Because the model dealt with three interaction terms and the fourth predictor was on a very different scale from the others, all of the predictors were centered and scaled with the scale function in R (as lmer/glmer often kick back errors anyway if you don't).

Problem: Linearity Assumption Violated

It is difficult to check linearity for logistic GLMMs, but plotting the logit of the GLMM and my predictors showed this trend: x4 in the model is the top middle predictor:

enter image description here

It was not immediately clear why until I did some more digging. Because things were on a logistic scale it was difficult to spot. But transforming the outcome into proportions and plotting the outcome by the x4 predictor, it appears this relationship is visible (note the predictor isn't scaled here, it is plotted by its raw value):

enter image description here


I have tried fitting regular GAMs and random effect version GAMMs with something like this. Keep in mind I have around 7000 observations in one model and more than 50,000 in another, so it is computationally expensive no matter what I do, which is why this is frustrating to work with already.

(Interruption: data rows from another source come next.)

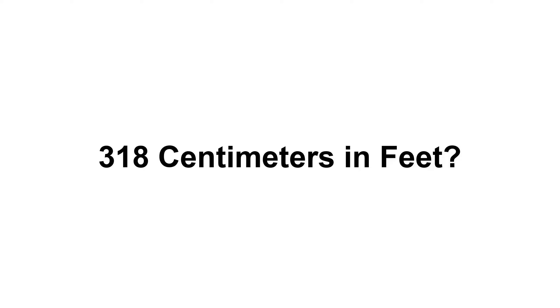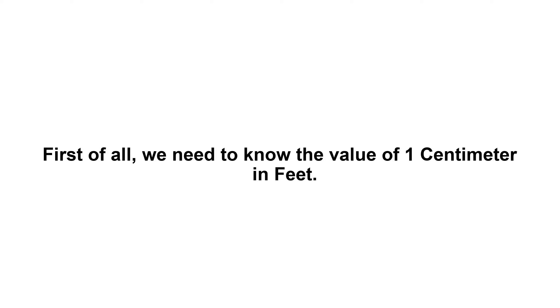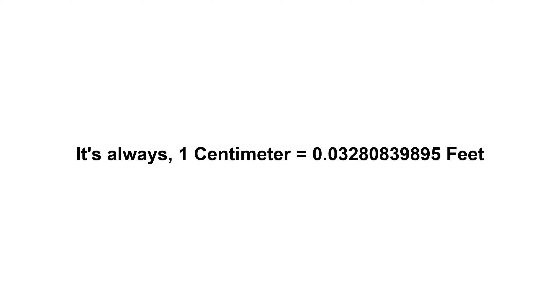318 centimeters in feet. First of all, we need to know the value of 1 centimeter in feet. It's always 1 centimeter equals 0.03280839895 feet.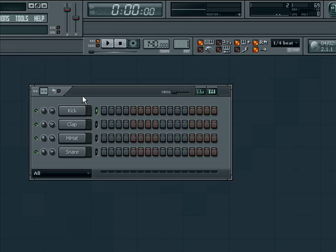The first thing you will notice is that FL's Sequencer has four default samplers loaded named Kick, Clap, Hi-Hat, and Snare.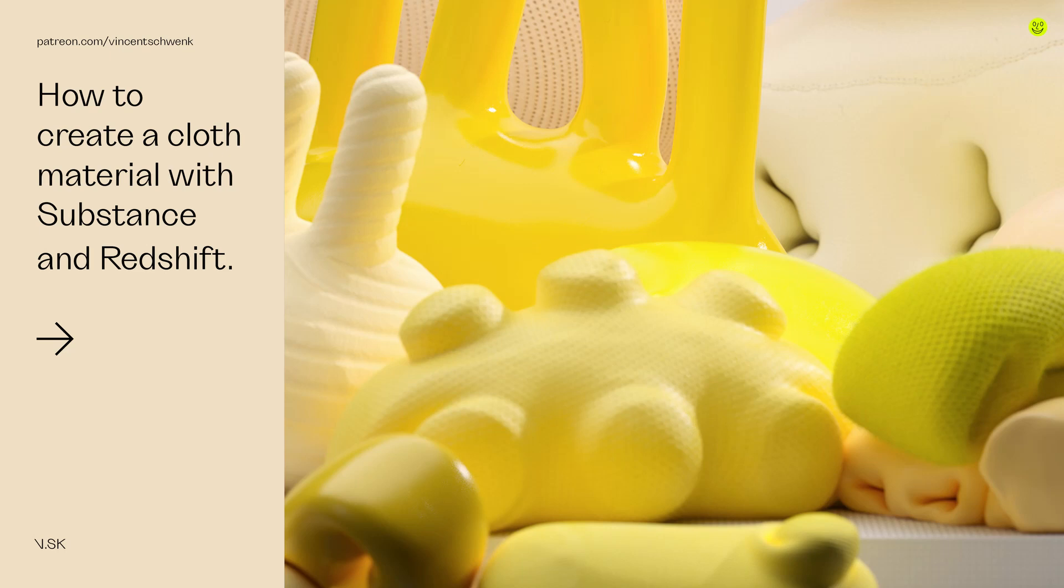Hello everyone, welcome. My name is Vincent Schwenk and this is another video from the tutorial series which I recently did for Maxon Cineversity. In this video we'll have a look on how to create a cloth material with the help of Substance and render it in Redshift.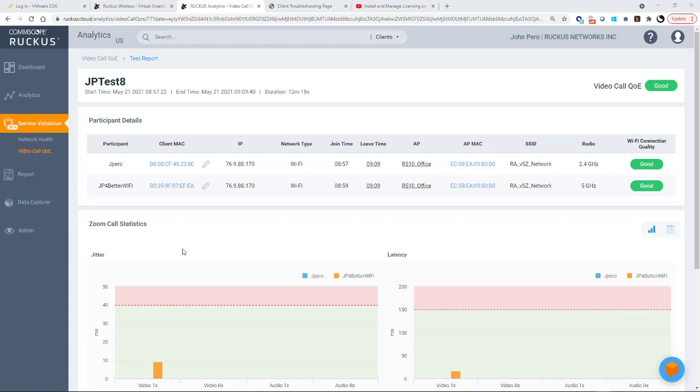So this concludes our demonstration on how to set up a video call quality of experience test call and how to analyze the results.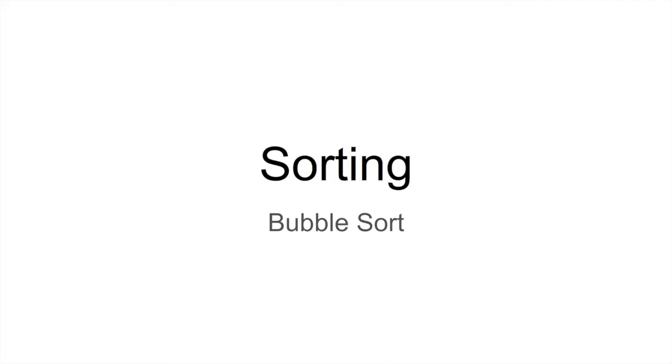In this video, I'm going to describe the bubble sort algorithm and how it can be implemented in Python.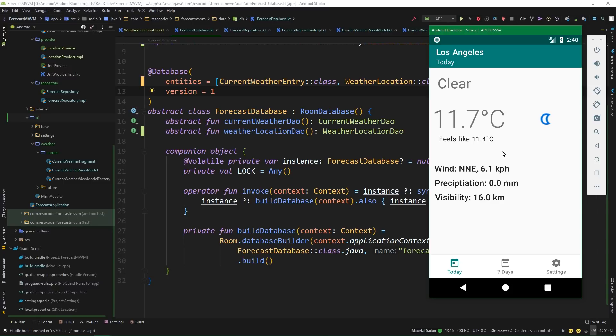We won't see any huge changes because what we did was mostly under-the-hood work. The user has no idea that something changed — we are still using the same hard-coded values, but have moved them from the repository to a separate class. In the next part, we will remove those hard-coded values altogether and properly implement everything about location. Subscribe and hit the bell button so you don't miss it. If this tutorial helped you, give it a like, share it, and leave any questions or suggestions in the comments.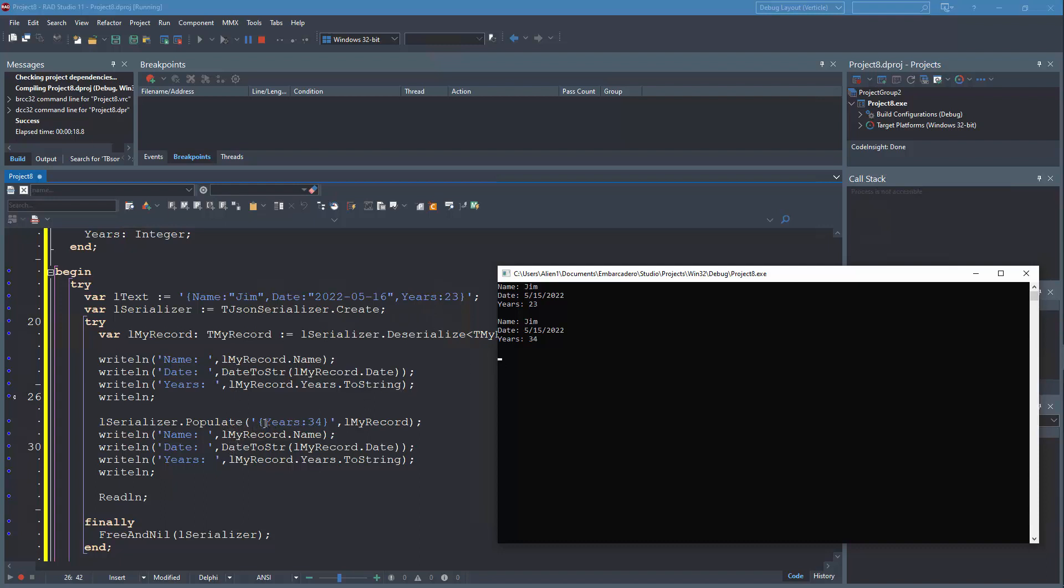And then we are populating the record from the JSON text as well, where we will only replace the field that was listed in the text. You can see that in the second output.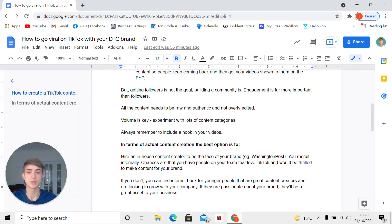They resonate with your vision and your products. Engagement is far more important than followers. If you have true fans and you have a community, you'll have a high engagement rate. And all the content needs to be raw and authentic and not overly edited.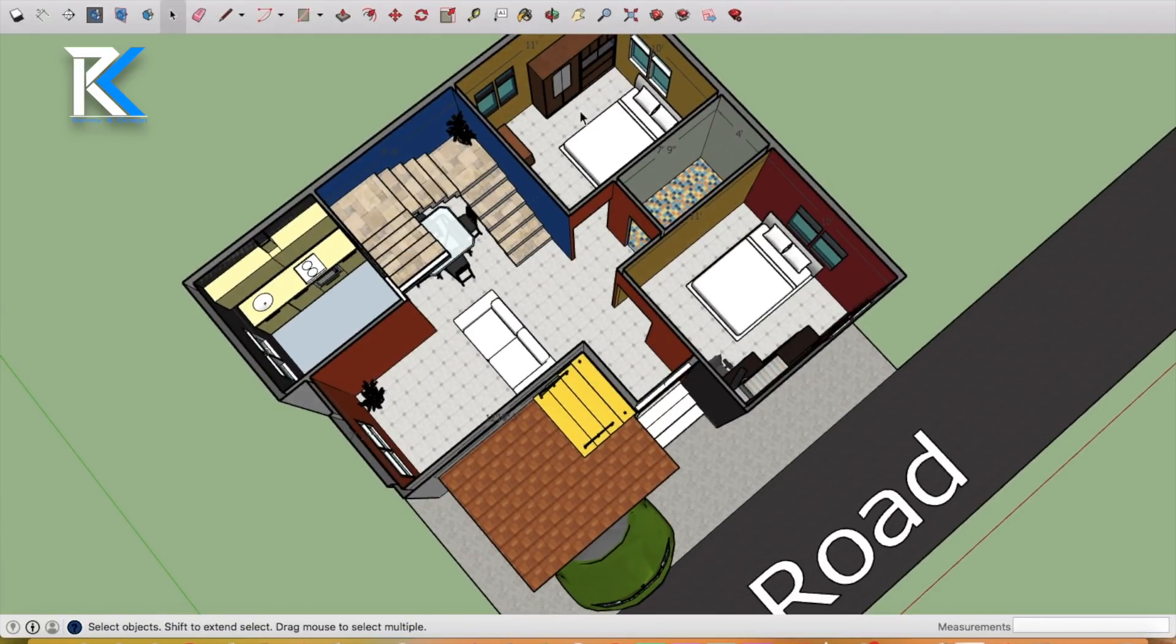There are two rooms. This is 10 feet, this is also 10 feet, and this is also 11 feet.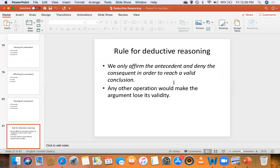Based on this we outlined two valid forms of deductive arguments and their fallacies: modus ponens, the fallacy of denying the antecedent, modus tollens, and the fallacy of affirming the consequent.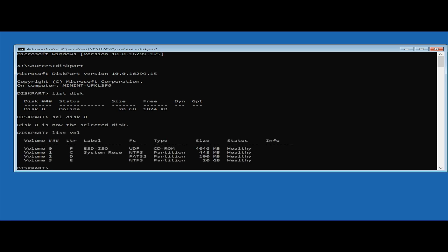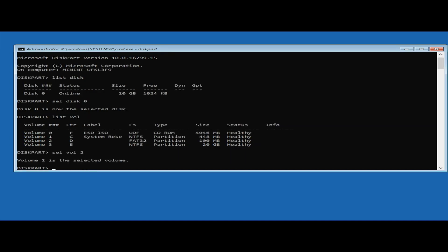Then type list vol. The volume you're looking for will be FAT32, around 100 megabytes, which will have the BCD data file on it. You need to select volume and the number of the volume that you need.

Both of my models look something like this but with a different binary outcome. I have fit five knots (I have read df is used and k is used in multiple places on Cross Validated so which argument actually does what is lost to me still). The Control variables are simple spline main effects, the X variables are main effects which also have interactions with a theoretically important Main variable. The splines at the end are crossed random effects.

gamm.model <- gam(Outcome
                  ~ s(Control_1, k=5) # control vars
                  + s(Control_2, k=5) 
                  + ti(X1, k=5) # main effects
                  + ti(X2, k=5) 
                  + ti(X3, k=5) 
                  + ti(Main, k=5) # main variable of interest
                  + ti(Main, X1, k=c(5,5)) # tensor interactions
                  + ti(Main, X2, k=c(5,5))
                  + ti(Main, X3, k=c(5,5))
                  + s(Subject, bs = "re", k = 5) # REs
                  + s(Item, bs = "re", k = 5), 
                  method = "REML", # restricted ML
                  data= data, 
                  family=binomial) # logistic

My questions are still the following:

  1. Have I used the correct splines (the s and ti functions)? I specifically used ti because the predictors have main and interaction effects as well as very different scaling. However, I have not scaled the variables before running them in the GAMM model...I simply used ti for that.

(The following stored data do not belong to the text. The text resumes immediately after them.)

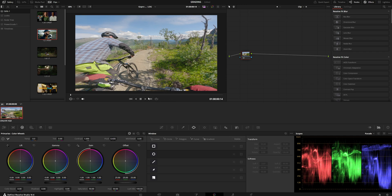Hello everybody, this is Markus Wynholt. Today I want to show you how to use Resolve Color Management and DaVinci Wide Gamut with GoPro Log footage.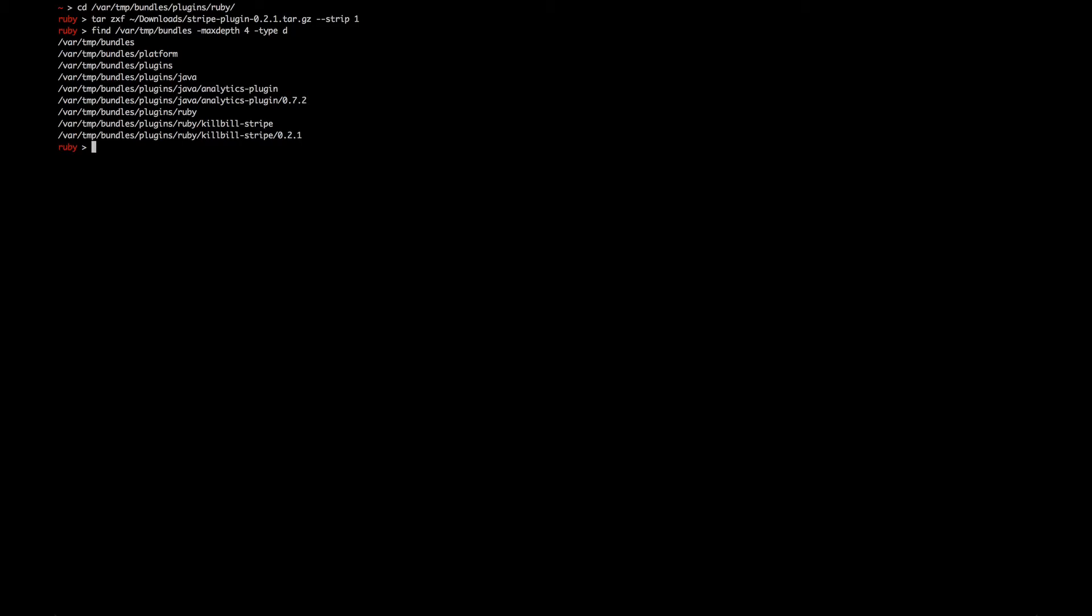While it's good to understand the plugin deployment mechanics, fortunately you don't have to do it by hand. Instead, you can use KPM, the Killbill package manager, to do it for you.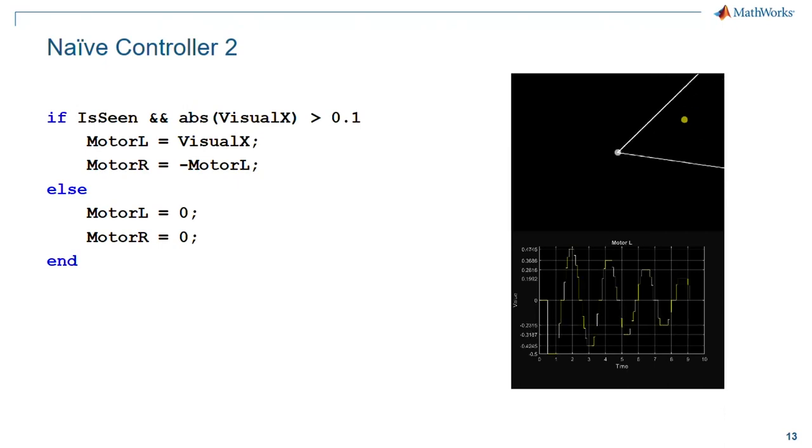So it converges. It gets close. But it's got this oscillatory motion. It's overshooting to the left, it's overshooting to the right. That's weird.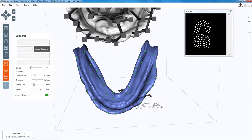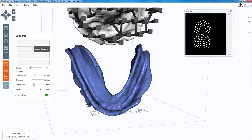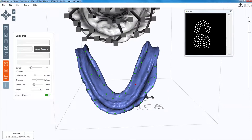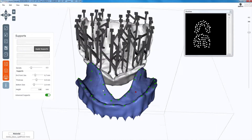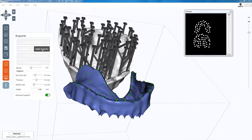If you add too many supports, you will spend more time post-processing. Once adjusted, click on apply supports. Repeat the same steps on the lower arch. When creating supports on the mandibular arch, ensure to create additional ones on the posterior area to increase stability to the denture.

  2. How are the knots supposed to be set? I can't tell how to do this with a logistic outcome and the only knowledge I have comes from this article on a recommended 5 or less knots.

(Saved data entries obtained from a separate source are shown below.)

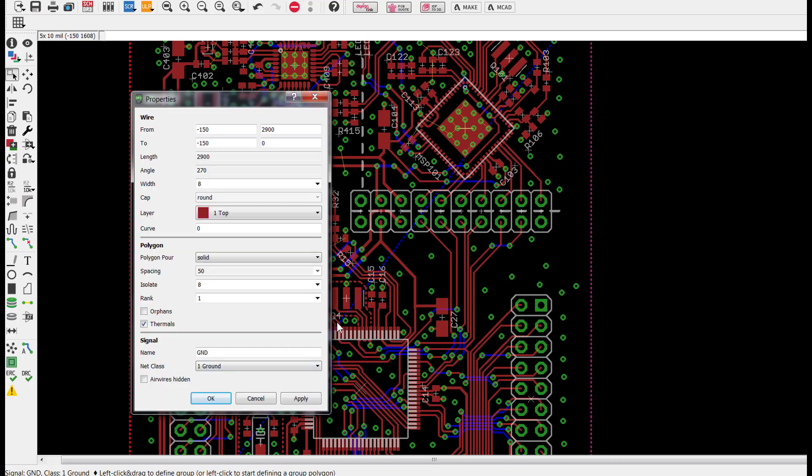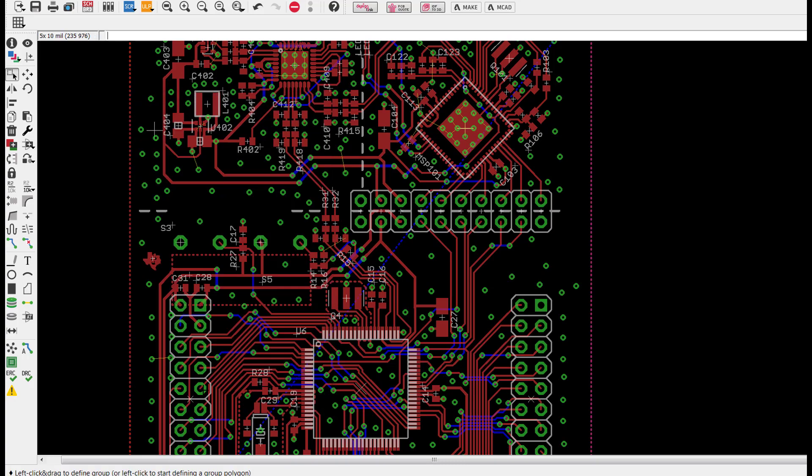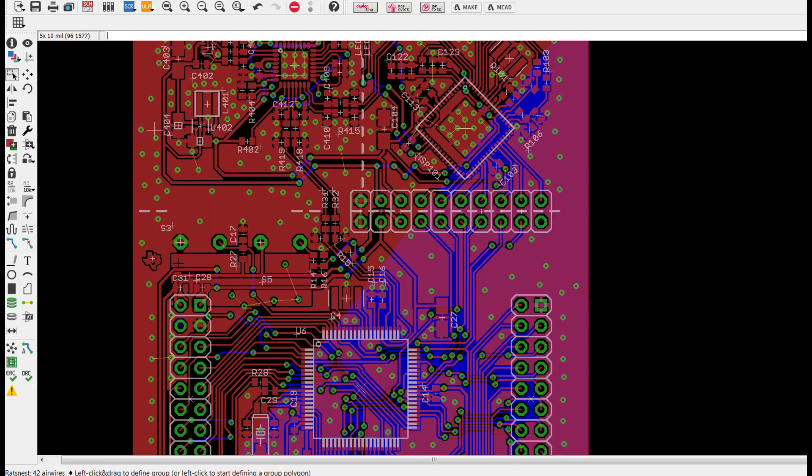As you can see, now when I go ahead and run my ratsnest, I'll notice that now my VCC polygon has been subtracted and isolated from the main ground polygon.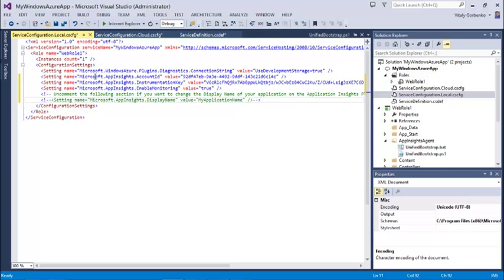And that's it. Monitoring will begin automatically after I repackage my application and redeploy to Windows Azure.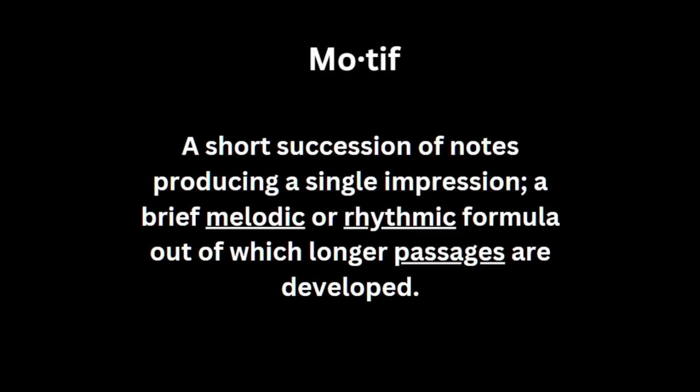First off, what is a musical motif? A motif is a short, repeatable line of music that is used throughout a piece.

  3. Both models were previously fit to GLMMs and the second model had an ICC of around 87% if my memory is correct. Will this overfit the data with splines involved?

  4. With how complex this model is, do I need to change the smoothing parameters?


2 Answers 2



It is likely safest to use s() for your univariate smooths as (at least at one time) Simon has suggested he might make specifying univariate smooths with tensor product functions te(), ti(), and t2() defunct/deprecated.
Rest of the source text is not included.